EXERCISE REQUIREMENTS ::
Reproduce exactly the entries from the "Again, you'll hear" line to the end. Skip all pictures.

[Stored data]
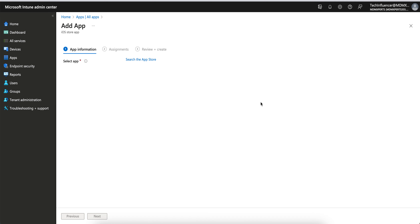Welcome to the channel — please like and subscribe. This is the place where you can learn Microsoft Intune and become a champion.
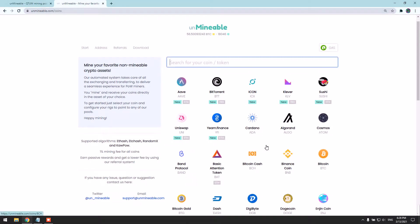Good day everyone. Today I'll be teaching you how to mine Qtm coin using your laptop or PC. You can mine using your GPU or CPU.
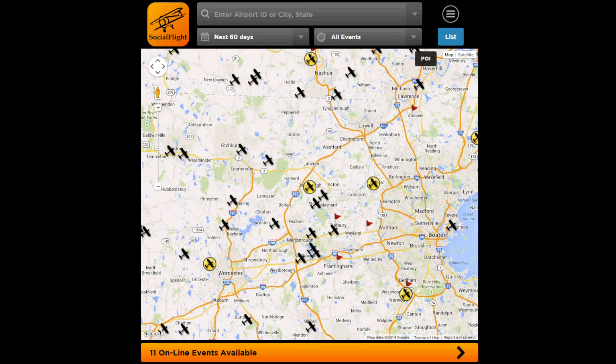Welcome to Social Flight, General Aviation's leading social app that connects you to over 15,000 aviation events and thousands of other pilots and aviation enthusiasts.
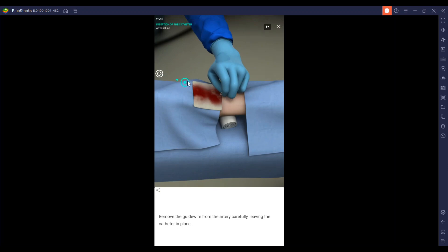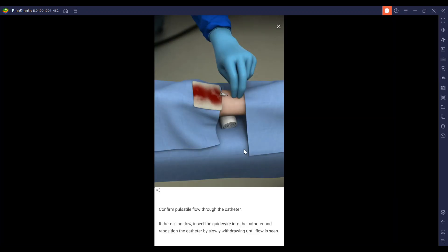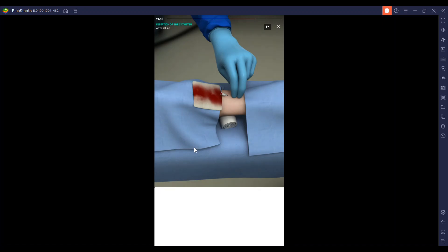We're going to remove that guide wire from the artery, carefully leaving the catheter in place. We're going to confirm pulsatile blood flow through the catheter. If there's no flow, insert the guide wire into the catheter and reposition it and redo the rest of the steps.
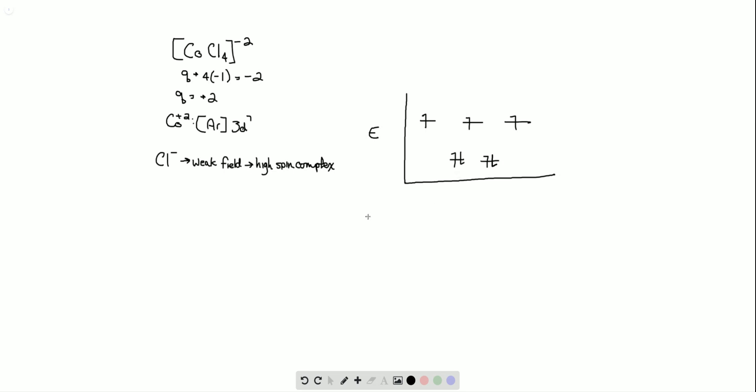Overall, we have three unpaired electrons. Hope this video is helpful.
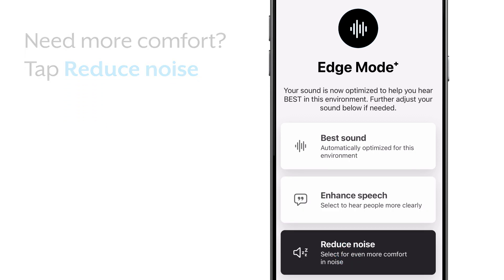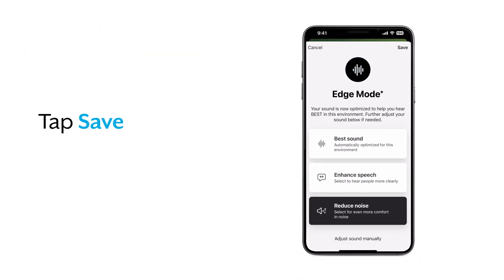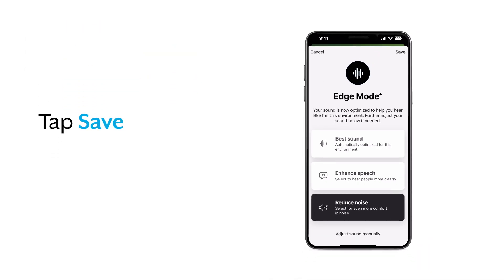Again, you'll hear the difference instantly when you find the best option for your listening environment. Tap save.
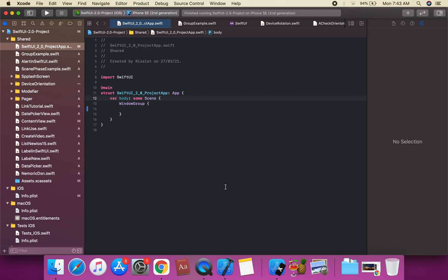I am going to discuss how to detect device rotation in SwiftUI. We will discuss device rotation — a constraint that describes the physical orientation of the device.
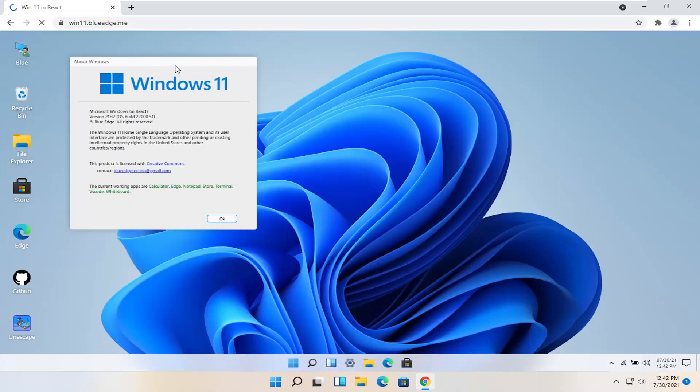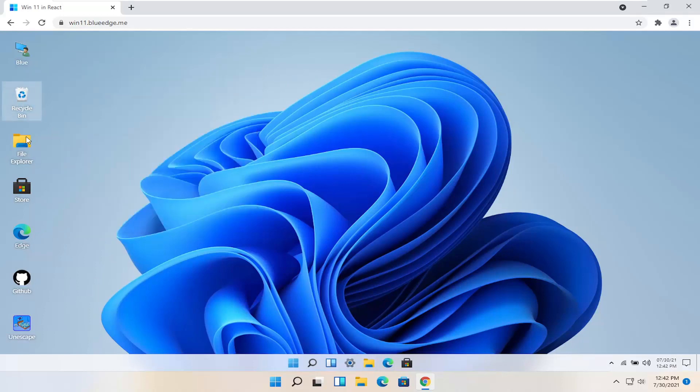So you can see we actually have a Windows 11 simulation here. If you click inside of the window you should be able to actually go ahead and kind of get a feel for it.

WRITTEN SOLUTION ::
Again, you'll hear the difference instantly when you find the best option for your listening environment. Tap save.
I am going to discuss how to detect device rotation in SwiftUI. We will discuss device rotation — a constraint that describes the physical orientation of the device.
So you can see we actually have a Windows 11 simulation here. If you click inside of the window you should be able to actually go ahead and kind of get a feel for it.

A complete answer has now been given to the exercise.